Thursday, October 26, 2006

What if Democrats Win? Spotlight on Taxes


By Martin Vaughan, CongressDaily© National Journal Group Inc.Wednesday, Oct. 18, 2006
This is the third in a series of articles exploring the impact on key committees and issues if Democrats win control of the House and Senate in November’s elections.
Democrats are stressing that, if given control of the House or Senate, they will seek to work with Republicans to improve the tax code in areas where there is bipartisan support for change -- for instance, on making the research and development tax credit permanent or in reining in the alternative minimum tax. “We need to pick some issues initially where we can come together and build trust,” said a senior House Democratic tax aide. In doing so, they hope to deflect attention away from GOP charges that Democrats would make wholesale changes like reversing some of the tax cuts passed in Bush’s first term. This is in part tactical -- Republicans in the run-up to Nov. 7 have been getting lots of mileage out of the bogeyman of coming Democratic tax increases.
Over the past several years, House Republican leaders have turned back a host of proposals passed by the Senate that would have raised taxes on specific industries by closing what Democrats say are loopholes in the code.
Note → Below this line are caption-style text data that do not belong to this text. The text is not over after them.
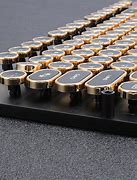 Image result for gold pc keyboards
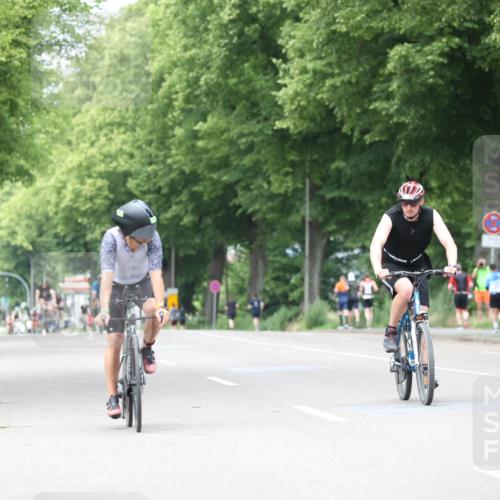 15.06.2025 - 7 Türme Triathlon Yannick Fuchs http://msf.ph/oto/8053639 15.06.2025 13:44:36 Radfahren  meine-sportfotos.de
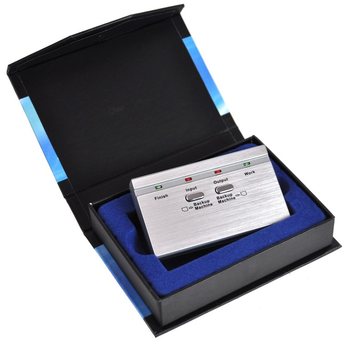 精美礼盒装 SLIMCARD 电话卡备份器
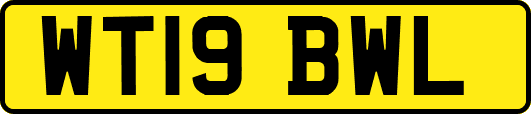 WT19BWL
But it also reflects a recognition that if Democrats manage to take control of one or both chambers, they will be dealing with slim majorities and an unsympathetic White House. That means larger priorities like tax simplification and reform will be impossible without bipartisan cooperation, and makes the more partisan goal of rolling back tax cuts that expire in 2010 less likely.
“Let’s tackle tax cuts that people are in danger of losing right now,” said an aide to Senate Finance ranking member Max Baucus, D-Mont., noting that the one-year cost of extending taxpayer protections from the alternative minimum tax rises to $45 billion in 2007. House Ways and Means ranking member Charles Rangel, D-N.Y., has repeatedly stressed a desire to deal with the AMT problem on a permanent basis. And R&D tax credit permanency -- rather than the current practice of extending the research credit on a year-by-year basis -- remains a major goal for Baucus. Democrats will have other tax priorities they will want to pursue. In an Oct. 5 speech at Georgetown University, House Minority Leader Pelosi pledged to make the child tax credit more generous for lower-income families and “dramatically increase the tax deductibility of college tuition.”
But Democrats are pledging to return to pay-as-you-go budgeting rules, meaning all those initiatives will have to be offset by spending cuts or tax increases -- and therein lies the rub for the business community and anti-tax advocates. “All of us are going to be hanging onto our checkbooks and alerting our members to be very careful, because there will be an effort to find new sources of revenue,” said Jade West, senior vice president for government relations at the National Association of Wholesaler-Distributors.
Democratic aides said a Democratic majority would seek to offset some of that cost by tightening the “tax gap,” taxes that are owed but go uncollected each year, a figure estimated by the IRS to reach as high as $345 billion per year. But some Democratic sources would not rule out reversing the benefits of the Bush tax cuts for the wealthiest taxpayers before those tax cuts expire in 2010. House Democratic alternatives to GOP tax bills in recent years have proposed raising taxes on households with annual income over $500,000 per person.
“I can see that in the picture, because we’ve proposed that several times to pay for these things,” said one House Democratic tax aide. The aide also noted that the sooner such a change is enacted, the more revenue will be generated for goals like AMT relief, as the 2010 expiration of those tax cuts approaches.
But more fearsome for downtown lobbyists is the prospect of targeted tax increases affecting the oil and gas, financial services and other industry sectors. Over the past several years, Ways and Means Chairman Thomas and House Republican leaders have turned back a host of proposals passed by the Senate that would have raised taxes on specific industries by closing what Democrats say are loopholes in the code. A recent example is the one-time, $5 billion tax on oil inventories, known as the “last-in first-out,” or LIFO accounting change, some Democrats will likely seek to revive. Pelosi vowed to “repeal current tax incentives that serve to export American jobs overseas,” in the Georgetown speech.
“House Republicans under Thomas have been a thumb in the dike” with regard to such proposals, said West. “With the House in Democratic hands, one could expect a very different dynamic where offsets are concerned.”